Think of the self-control this little guy has
Researchers at the University of Georgia have just published a study that suggests rinsing your mouth with sugar water increases your self-control and focus. Subjects performing a series of menial and tedious tasks performed significantly faster and with greater accuracy after gargling with lemonade made with sugar than students who gargled with Splenda-based lemonade.

The study, which was originally published in the Psychological Science journal, measured the students’ degree of self-control by testing their ability to find and cross out the letter “e” on a page from a textbook. One of the coauthors of the study, Lenoard Martin, said:

“Researchers used to think you had to drink the glucose and get it into your body to give you the energy to [have] self control… After this trial, it seems that glucose stimulates the simple carbohydrate sensors on the tongue.” He adds: “This, in turn, signals the motivational centers of the brain where our self-related goals are represented.” And it’s these signals, he adds, that wake your body up and tell it to start paying attention. Have to work late when you’d rather be heading home? Martin suggests gargling a bit of sugar water may not only help you focus better on the task at hand but help strengthen your resolve to do something you’d rather not be doing. “It is the self-investment,” Martin adds. “It doesn’t just crank up your energy, but it cranks up your personal investment in what you are doing.”

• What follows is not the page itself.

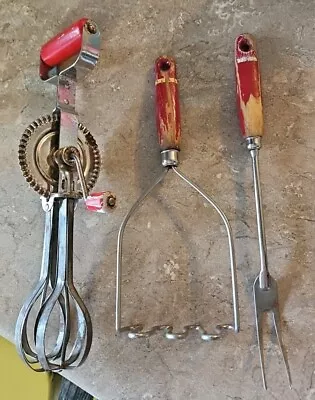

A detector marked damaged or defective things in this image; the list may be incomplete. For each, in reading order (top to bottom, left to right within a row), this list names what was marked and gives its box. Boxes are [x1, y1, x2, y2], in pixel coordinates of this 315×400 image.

chipped red paint [40, 18, 89, 72]
chipped red paint [155, 55, 180, 151]
chipped red paint [236, 34, 262, 138]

The ramifications of this study are immediate and awesome. Say goodbye to the diffident, push-aroundable you of the past. Consider the hummingbird. Need to set some boundaries with your roommates? Swish some root beer around before telling them you know they’ve been using your stuff while you’re out of the house and it stops now.

Ready to break up with someone so sensitive and needy they never let you finish getting “We need to talk” out? Smear some frosting on your gums and feel its spine-stiffening properties flow into your system. Then kick them to the curb. You’re a mouthful of Mountain Dew away from übermensch status, my friends. Swig up.